◆ Assignment
Would you write out the lines below exactly, from the one containing "Red christmas decoration" to the very last, but without the pictures?

+++ Material for the task

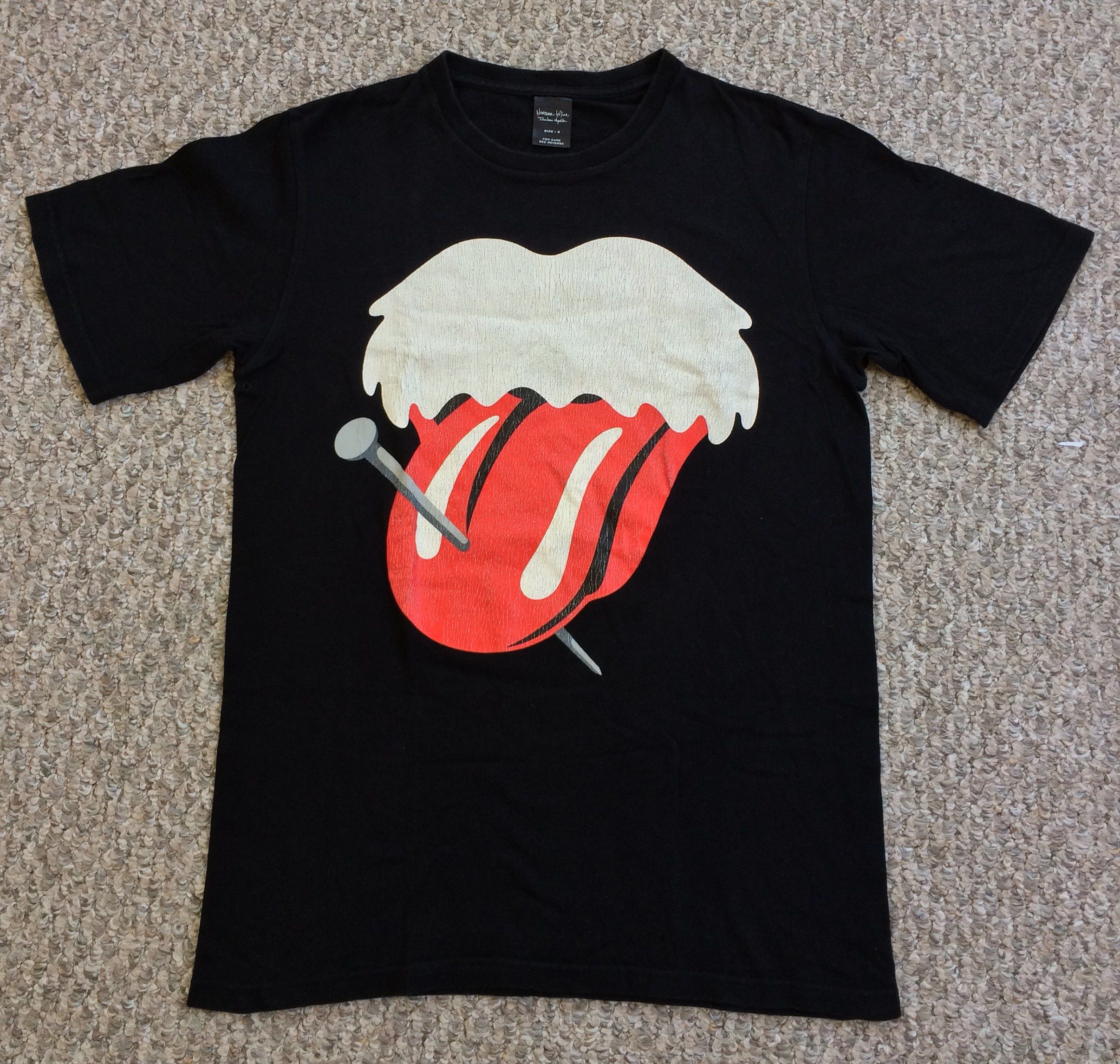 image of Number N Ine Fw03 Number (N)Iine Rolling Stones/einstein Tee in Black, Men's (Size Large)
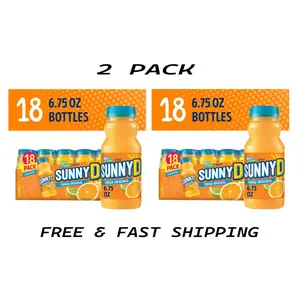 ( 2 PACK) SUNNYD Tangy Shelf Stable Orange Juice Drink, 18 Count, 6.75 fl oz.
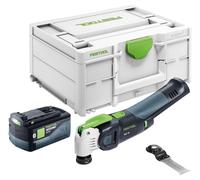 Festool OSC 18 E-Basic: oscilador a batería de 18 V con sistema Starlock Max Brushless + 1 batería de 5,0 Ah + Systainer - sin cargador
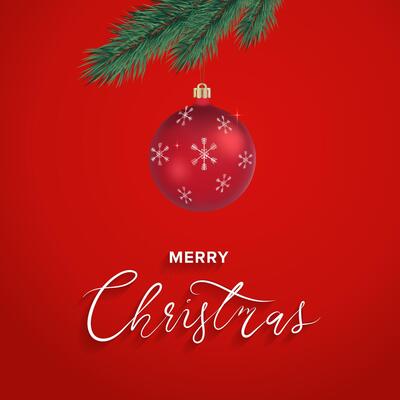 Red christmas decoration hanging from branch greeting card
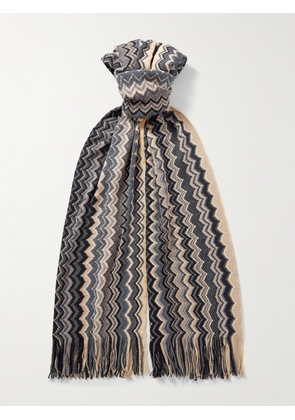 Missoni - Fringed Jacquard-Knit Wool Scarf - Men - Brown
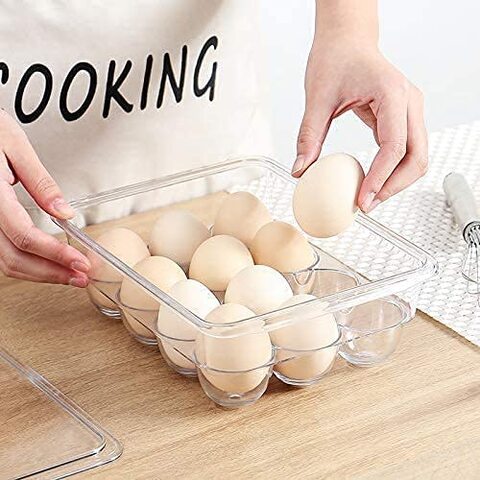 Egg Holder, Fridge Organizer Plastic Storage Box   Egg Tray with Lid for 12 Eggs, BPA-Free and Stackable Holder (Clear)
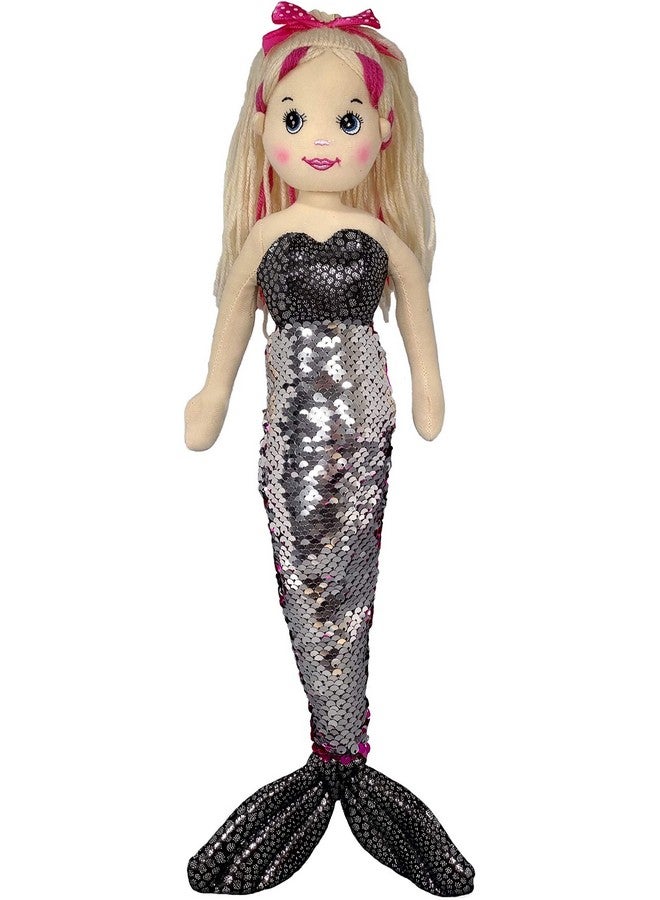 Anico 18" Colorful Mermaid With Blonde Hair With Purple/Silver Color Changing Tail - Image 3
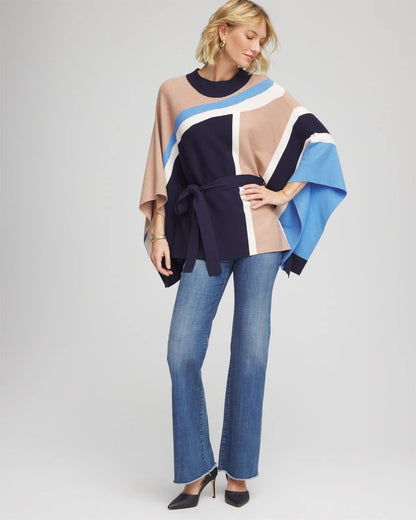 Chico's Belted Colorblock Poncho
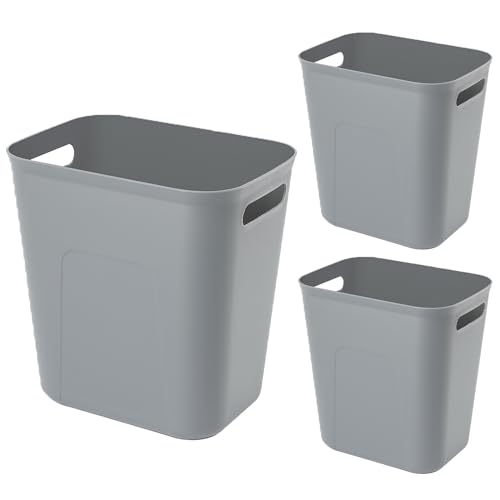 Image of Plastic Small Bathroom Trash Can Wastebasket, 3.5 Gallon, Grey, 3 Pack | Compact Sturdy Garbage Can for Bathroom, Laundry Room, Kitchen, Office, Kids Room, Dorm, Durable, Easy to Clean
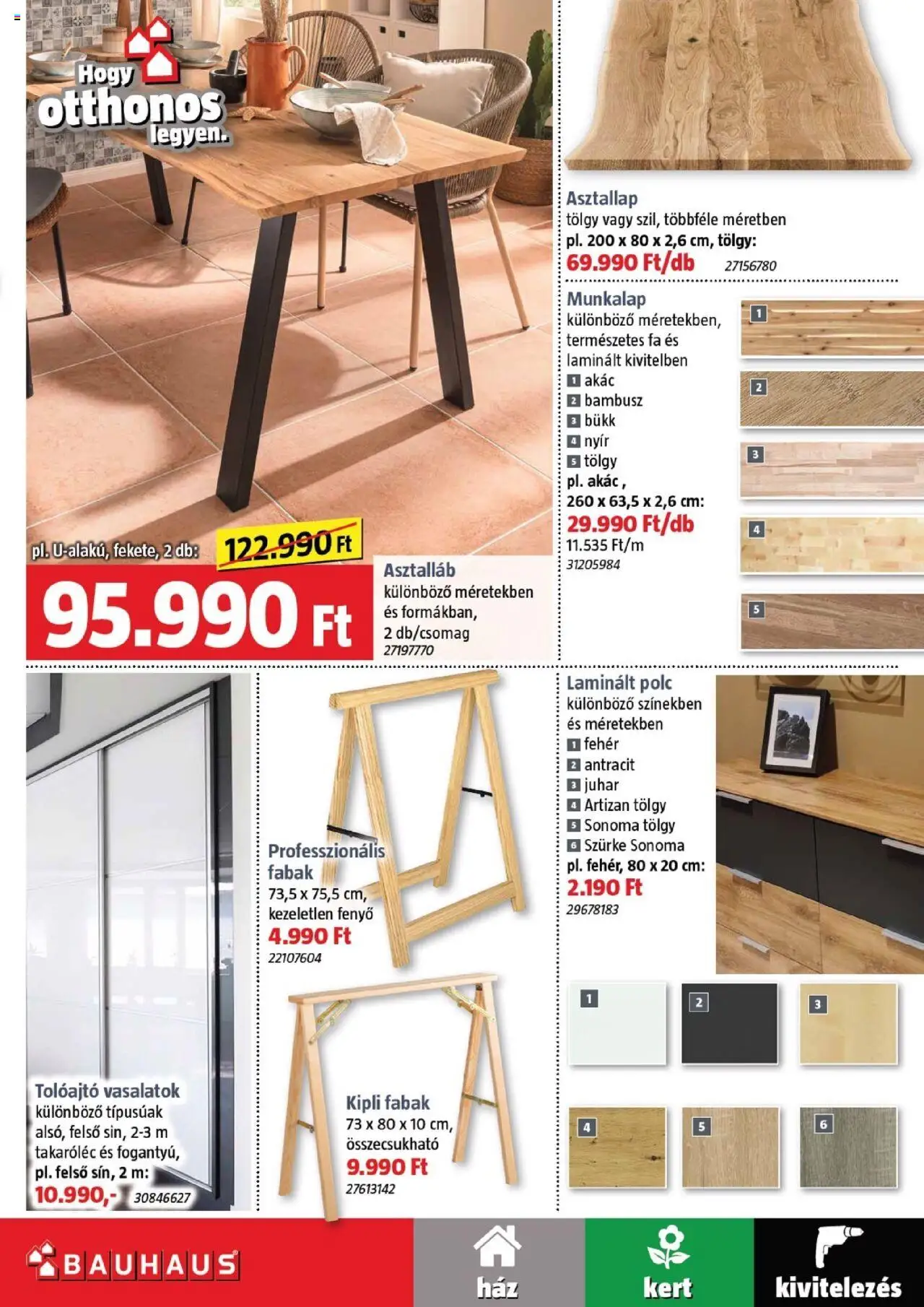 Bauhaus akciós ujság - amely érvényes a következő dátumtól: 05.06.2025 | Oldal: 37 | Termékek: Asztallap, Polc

++++++

◆ Task output
 Red christmas decoration hanging from branch greeting card
 Missoni - Fringed Jacquard-Knit Wool Scarf - Men - Brown
 Egg Holder, Fridge Organizer Plastic Storage Box   Egg Tray with Lid for 12 Eggs, BPA-Free and Stackable Holder (Clear)
 Anico 18" Colorful Mermaid With Blonde Hair With Purple/Silver Color Changing Tail - Image 3
 Chico's Belted Colorblock Poncho
 Image of Plastic Small Bathroom Trash Can Wastebasket, 3.5 Gallon, Grey, 3 Pack | Compact Sturdy Garbage Can for Bathroom, Laundry Room, Kitchen, Office, Kids Room, Dorm, Durable, Easy to Clean
 Bauhaus akciós ujság - amely érvényes a következő dátumtól: 05.06.2025 | Oldal: 37 | Termékek: Asztallap, Polc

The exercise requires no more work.